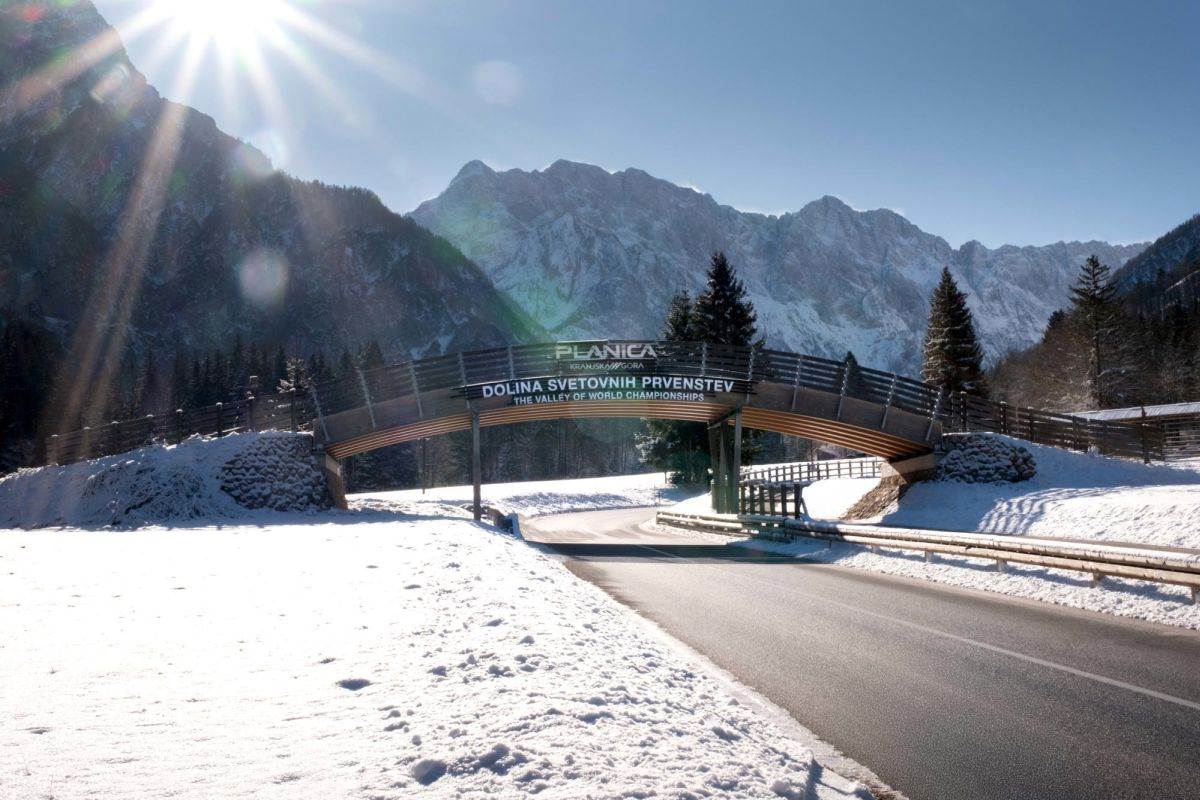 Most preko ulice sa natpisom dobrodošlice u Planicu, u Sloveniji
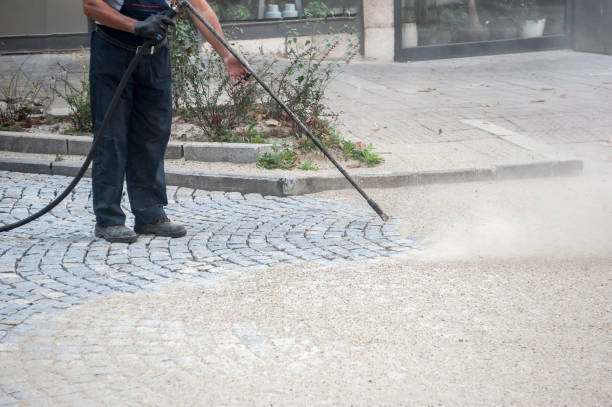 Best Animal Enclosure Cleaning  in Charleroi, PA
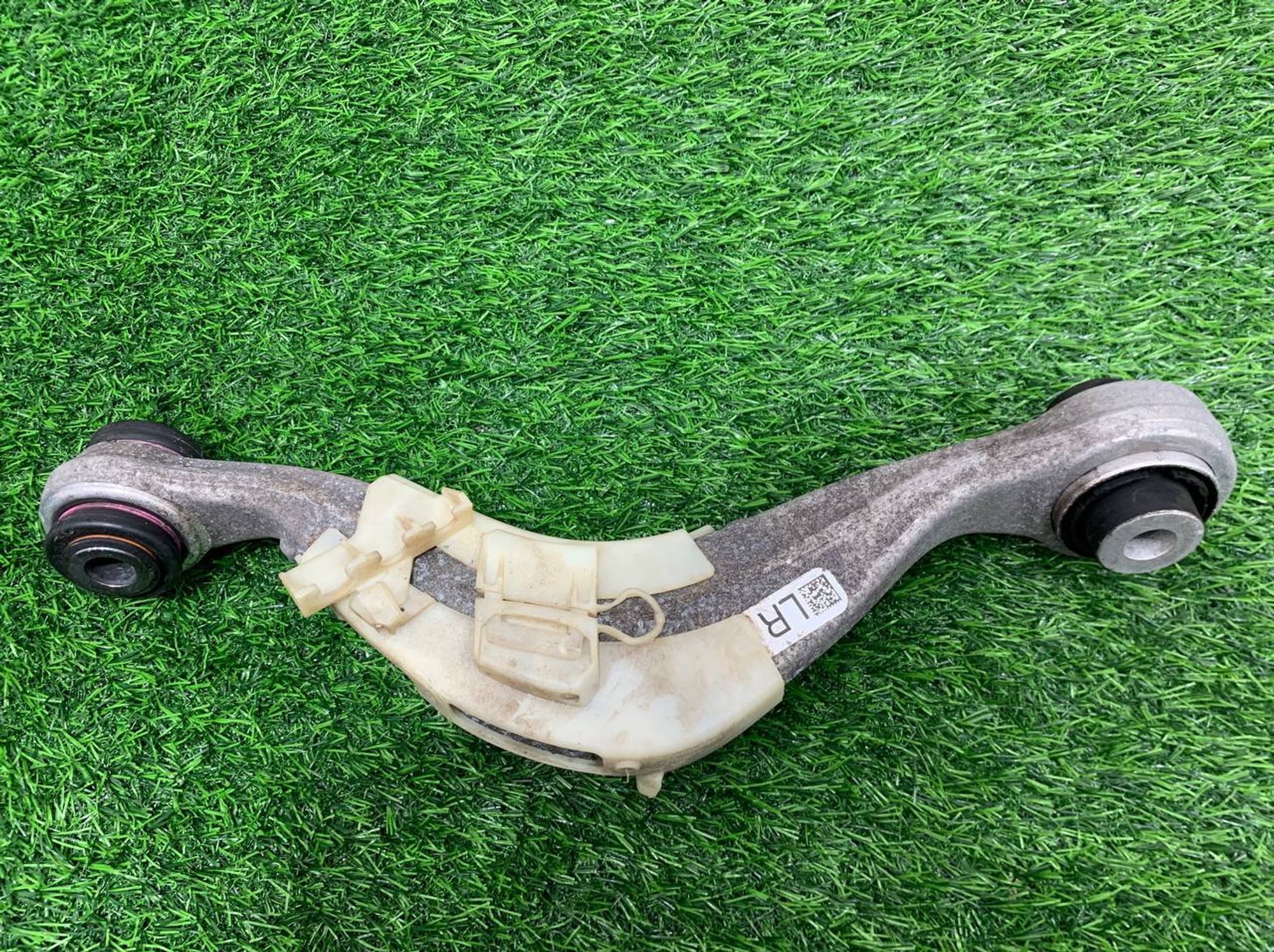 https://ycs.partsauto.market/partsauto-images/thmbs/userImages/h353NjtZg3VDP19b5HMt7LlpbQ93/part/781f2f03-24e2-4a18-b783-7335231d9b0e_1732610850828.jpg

* * *

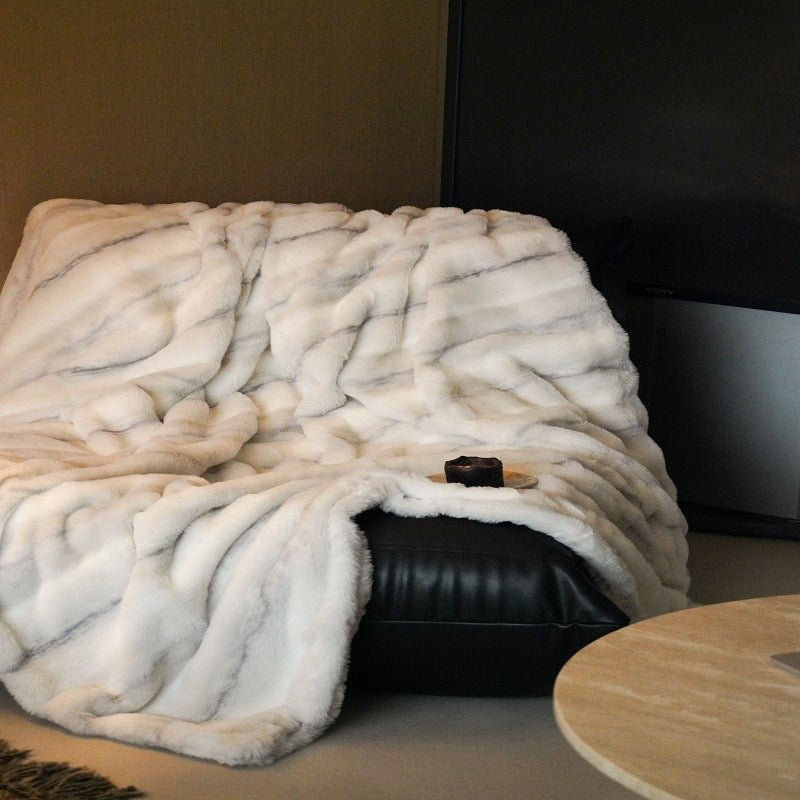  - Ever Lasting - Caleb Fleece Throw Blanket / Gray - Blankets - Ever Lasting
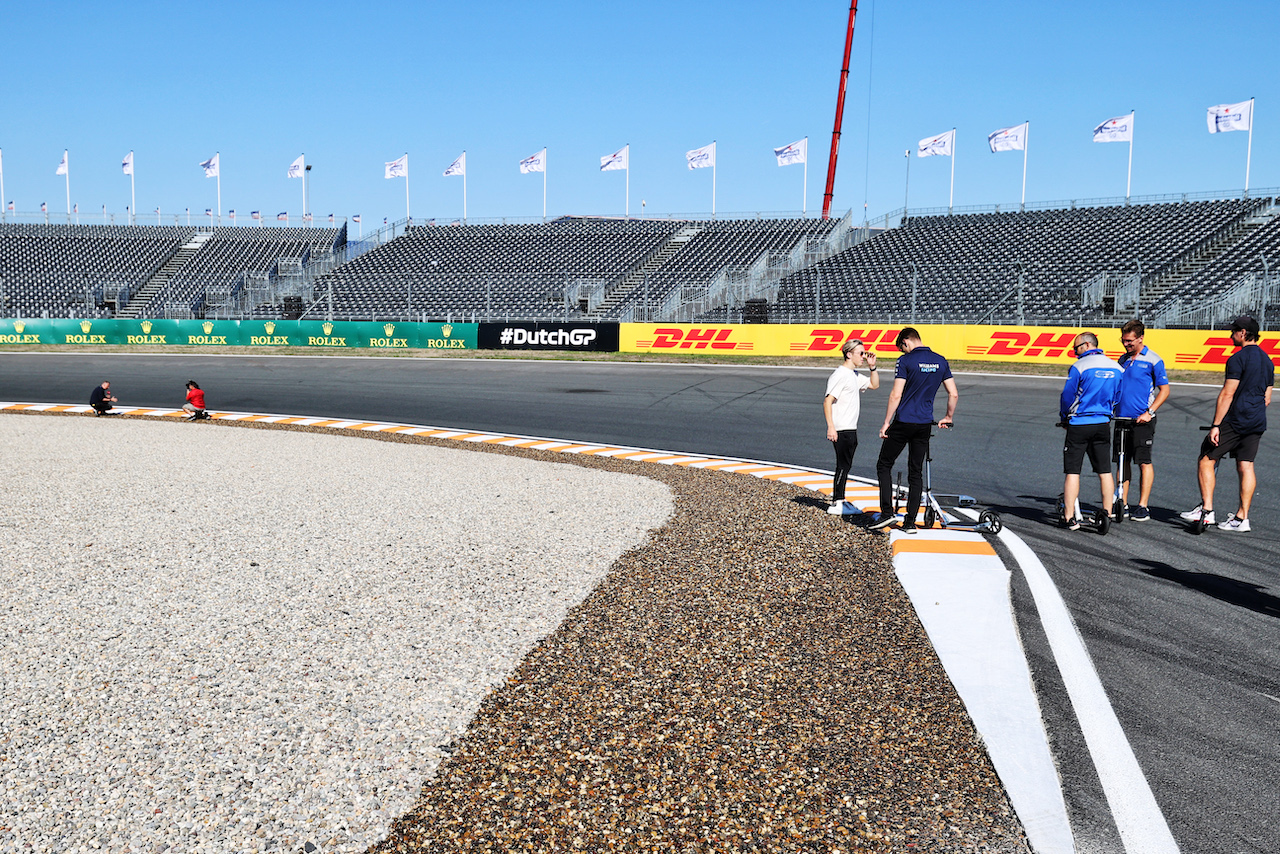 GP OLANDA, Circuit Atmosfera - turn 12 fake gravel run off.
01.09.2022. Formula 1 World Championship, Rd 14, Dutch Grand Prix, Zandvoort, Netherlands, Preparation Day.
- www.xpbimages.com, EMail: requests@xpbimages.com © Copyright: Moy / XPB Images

**What the task requires**
In the records above, everything from the line with "- Ever Lasting - Caleb" down to the line with "- www.xpbimages.com, EMail: requests@xpbimages.com" is to be set down exactly, both ends included, with no pictures and no other lines.

**Written answer**
  - Ever Lasting - Caleb Fleece Throw Blanket / Gray - Blankets - Ever Lasting
 GP OLANDA, Circuit Atmosfera - turn 12 fake gravel run off.
01.09.2022. Formula 1 World Championship, Rd 14, Dutch Grand Prix, Zandvoort, Netherlands, Preparation Day.
- www.xpbimages.com, EMail: requests@xpbimages.com © Copyright: Moy / XPB Images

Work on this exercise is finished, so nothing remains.